<<<<

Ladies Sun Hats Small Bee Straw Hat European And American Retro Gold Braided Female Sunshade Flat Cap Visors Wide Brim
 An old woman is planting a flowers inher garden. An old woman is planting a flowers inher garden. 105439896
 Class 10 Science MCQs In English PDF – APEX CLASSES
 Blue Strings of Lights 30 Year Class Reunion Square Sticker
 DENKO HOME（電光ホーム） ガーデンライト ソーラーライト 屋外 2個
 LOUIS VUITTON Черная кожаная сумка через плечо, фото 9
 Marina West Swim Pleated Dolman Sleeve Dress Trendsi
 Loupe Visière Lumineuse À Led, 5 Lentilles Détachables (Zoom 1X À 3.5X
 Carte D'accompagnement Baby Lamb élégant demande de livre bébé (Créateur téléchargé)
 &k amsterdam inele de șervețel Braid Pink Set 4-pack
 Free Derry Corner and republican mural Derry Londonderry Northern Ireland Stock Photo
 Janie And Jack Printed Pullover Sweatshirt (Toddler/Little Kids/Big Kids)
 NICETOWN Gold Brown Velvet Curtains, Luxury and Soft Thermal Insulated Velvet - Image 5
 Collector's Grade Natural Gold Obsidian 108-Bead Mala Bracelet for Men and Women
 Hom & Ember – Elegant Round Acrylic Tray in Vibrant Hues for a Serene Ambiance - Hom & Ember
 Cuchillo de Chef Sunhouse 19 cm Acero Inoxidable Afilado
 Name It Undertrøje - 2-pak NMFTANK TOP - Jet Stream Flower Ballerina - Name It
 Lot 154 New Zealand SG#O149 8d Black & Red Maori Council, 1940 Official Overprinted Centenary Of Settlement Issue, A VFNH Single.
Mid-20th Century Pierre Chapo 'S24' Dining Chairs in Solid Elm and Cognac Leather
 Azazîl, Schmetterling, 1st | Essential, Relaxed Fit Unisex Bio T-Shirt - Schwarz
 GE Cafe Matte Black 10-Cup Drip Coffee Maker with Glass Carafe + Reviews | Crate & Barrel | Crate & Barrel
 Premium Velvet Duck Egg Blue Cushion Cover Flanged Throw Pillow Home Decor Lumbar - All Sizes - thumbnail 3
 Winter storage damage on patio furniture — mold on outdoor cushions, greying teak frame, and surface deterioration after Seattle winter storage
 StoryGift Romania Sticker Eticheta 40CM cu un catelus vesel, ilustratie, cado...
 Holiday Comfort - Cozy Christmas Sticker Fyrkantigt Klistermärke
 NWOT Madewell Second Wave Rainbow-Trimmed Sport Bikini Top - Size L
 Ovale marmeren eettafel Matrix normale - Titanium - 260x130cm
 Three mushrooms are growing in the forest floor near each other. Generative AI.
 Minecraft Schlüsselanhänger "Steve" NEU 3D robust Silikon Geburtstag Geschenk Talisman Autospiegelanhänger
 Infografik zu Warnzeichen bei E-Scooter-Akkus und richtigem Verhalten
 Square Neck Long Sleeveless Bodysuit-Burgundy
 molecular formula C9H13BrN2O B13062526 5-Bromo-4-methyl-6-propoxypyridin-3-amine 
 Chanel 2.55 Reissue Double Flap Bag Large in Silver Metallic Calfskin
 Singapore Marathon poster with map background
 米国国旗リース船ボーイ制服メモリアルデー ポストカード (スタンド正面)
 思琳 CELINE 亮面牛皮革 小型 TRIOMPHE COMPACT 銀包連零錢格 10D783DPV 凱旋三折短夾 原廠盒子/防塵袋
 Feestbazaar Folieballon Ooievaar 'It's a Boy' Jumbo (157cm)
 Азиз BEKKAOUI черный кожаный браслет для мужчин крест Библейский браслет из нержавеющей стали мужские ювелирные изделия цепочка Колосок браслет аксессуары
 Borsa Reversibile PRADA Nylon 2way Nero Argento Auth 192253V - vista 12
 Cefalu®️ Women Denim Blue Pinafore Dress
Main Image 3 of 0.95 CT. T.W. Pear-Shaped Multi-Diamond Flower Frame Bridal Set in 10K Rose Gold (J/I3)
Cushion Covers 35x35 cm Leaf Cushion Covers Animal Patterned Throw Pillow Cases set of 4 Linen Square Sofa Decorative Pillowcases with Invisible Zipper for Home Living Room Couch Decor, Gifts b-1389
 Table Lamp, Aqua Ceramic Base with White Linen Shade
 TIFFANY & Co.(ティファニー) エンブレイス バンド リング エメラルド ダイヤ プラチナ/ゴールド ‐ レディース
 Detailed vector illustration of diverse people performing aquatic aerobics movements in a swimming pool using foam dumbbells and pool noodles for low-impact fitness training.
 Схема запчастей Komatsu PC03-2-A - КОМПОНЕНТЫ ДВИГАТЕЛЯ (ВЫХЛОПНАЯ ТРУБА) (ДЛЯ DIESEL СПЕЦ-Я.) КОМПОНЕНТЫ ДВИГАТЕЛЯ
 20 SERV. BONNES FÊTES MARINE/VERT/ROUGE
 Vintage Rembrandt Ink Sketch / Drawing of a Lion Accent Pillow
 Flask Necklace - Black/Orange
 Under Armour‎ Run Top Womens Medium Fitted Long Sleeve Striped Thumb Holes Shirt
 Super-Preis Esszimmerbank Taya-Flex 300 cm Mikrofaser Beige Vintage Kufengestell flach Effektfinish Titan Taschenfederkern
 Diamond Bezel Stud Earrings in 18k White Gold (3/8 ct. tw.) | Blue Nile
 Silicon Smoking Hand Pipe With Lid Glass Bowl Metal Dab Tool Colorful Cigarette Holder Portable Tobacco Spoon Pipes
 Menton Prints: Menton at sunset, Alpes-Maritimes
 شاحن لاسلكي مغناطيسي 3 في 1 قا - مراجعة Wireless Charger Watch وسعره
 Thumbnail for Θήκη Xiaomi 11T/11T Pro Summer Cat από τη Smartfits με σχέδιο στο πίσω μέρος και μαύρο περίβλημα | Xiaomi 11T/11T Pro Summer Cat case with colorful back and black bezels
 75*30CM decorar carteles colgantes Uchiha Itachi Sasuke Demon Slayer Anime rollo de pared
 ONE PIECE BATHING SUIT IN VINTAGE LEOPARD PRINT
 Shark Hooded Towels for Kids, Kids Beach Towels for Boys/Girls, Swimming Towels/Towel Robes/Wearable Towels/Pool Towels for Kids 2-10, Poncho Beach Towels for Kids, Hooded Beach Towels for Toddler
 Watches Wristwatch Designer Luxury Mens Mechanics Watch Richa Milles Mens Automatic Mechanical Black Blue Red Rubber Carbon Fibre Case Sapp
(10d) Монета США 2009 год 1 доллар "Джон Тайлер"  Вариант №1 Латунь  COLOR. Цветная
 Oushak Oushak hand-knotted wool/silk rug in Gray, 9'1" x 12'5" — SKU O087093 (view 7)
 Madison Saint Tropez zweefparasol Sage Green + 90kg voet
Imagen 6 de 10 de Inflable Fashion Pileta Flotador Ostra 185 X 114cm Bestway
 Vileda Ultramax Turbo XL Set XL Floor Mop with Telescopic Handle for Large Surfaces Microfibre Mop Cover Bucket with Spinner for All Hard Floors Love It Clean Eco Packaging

>>>>

**WORK ITEM:** Your response should hold the lines from the first line of the entries above through the line with "Blue Strings of", each retyped exactly, and nothing else.

**SOLUTION FOR THIS EXERCISE:**
Ladies Sun Hats Small Bee Straw Hat European And American Retro Gold Braided Female Sunshade Flat Cap Visors Wide Brim
 An old woman is planting a flowers inher garden. An old woman is planting a flowers inher garden. 105439896
 Class 10 Science MCQs In English PDF – APEX CLASSES
 Blue Strings of Lights 30 Year Class Reunion Square Sticker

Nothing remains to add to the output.